__REQUIREMENT__
Begin at the line with "Welcome friends. We" and output every line through the end of the records, exactly as given. Omit pictures.

__DATA FOR REVIEW__
______________________________

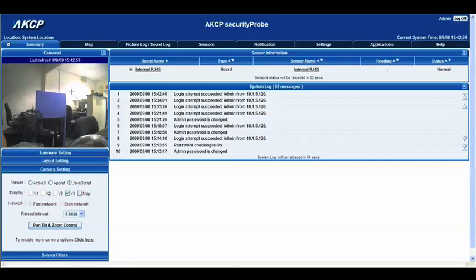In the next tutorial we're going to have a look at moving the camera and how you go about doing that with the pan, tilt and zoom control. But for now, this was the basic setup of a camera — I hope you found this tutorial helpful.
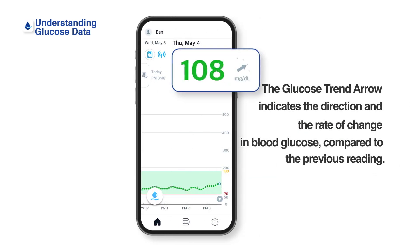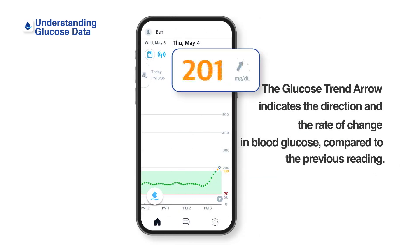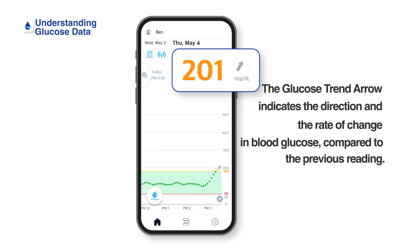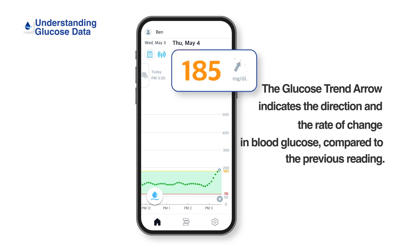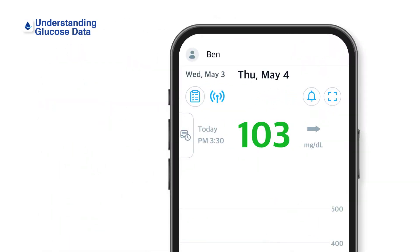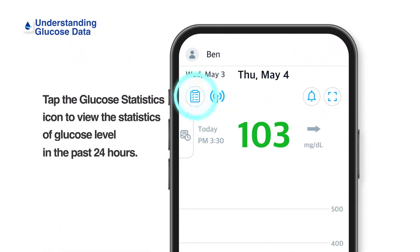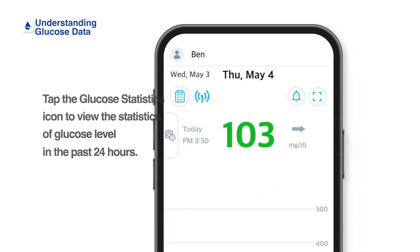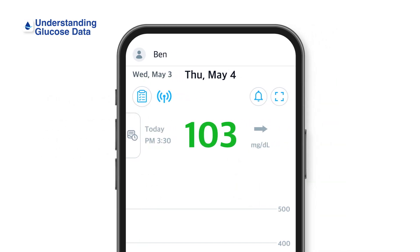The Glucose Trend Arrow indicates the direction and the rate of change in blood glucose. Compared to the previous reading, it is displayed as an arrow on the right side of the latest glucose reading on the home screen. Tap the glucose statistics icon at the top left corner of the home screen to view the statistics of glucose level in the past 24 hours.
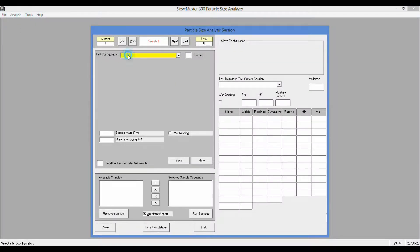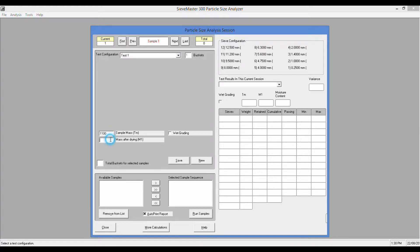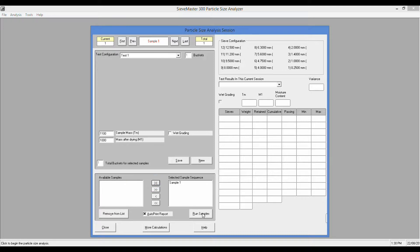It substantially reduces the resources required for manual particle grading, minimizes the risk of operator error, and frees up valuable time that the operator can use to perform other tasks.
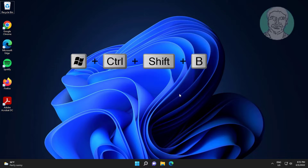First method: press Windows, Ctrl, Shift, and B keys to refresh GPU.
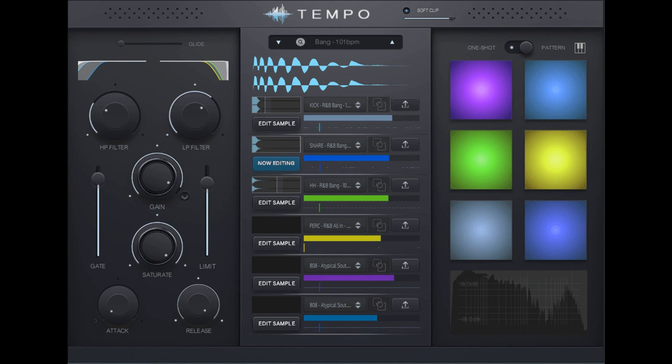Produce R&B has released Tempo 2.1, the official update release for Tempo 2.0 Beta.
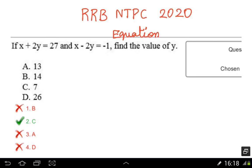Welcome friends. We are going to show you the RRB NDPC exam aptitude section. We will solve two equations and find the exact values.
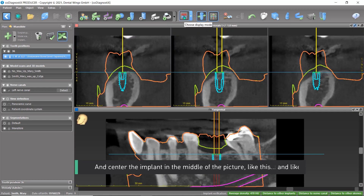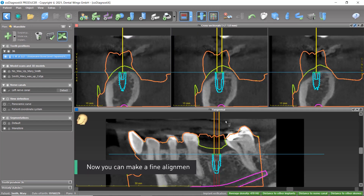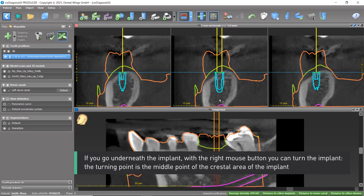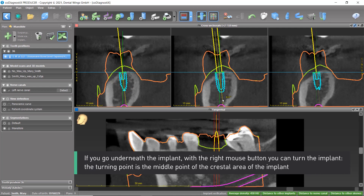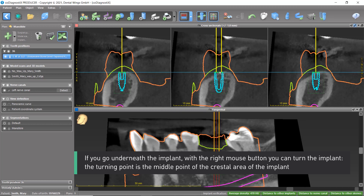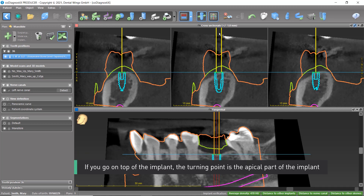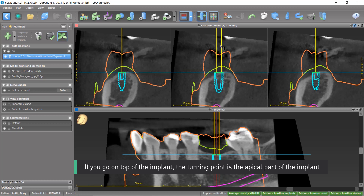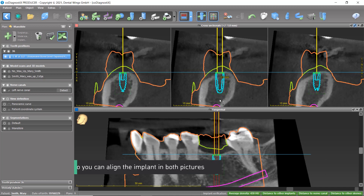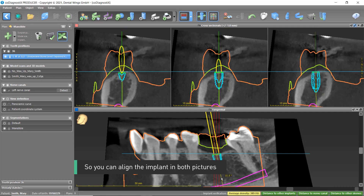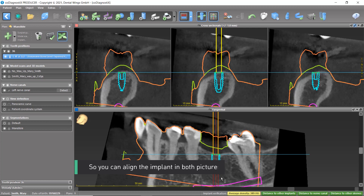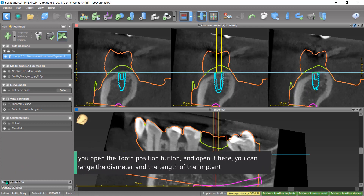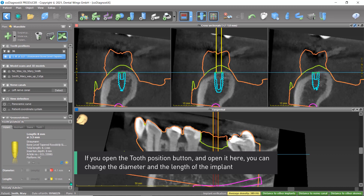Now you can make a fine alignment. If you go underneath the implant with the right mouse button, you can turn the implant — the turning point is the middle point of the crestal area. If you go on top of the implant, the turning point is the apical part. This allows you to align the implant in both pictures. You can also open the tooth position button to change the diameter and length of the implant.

______________________________

__EXERCISE SOLUTION__
Welcome friends. We are going to show you the RRB NDPC exam aptitude section. We will solve two equations and find the exact values.
Now you can make a fine alignment. If you go underneath the implant with the right mouse button, you can turn the implant — the turning point is the middle point of the crestal area. If you go on top of the implant, the turning point is the apical part. This allows you to align the implant in both pictures. You can also open the tooth position button to change the diameter and length of the implant.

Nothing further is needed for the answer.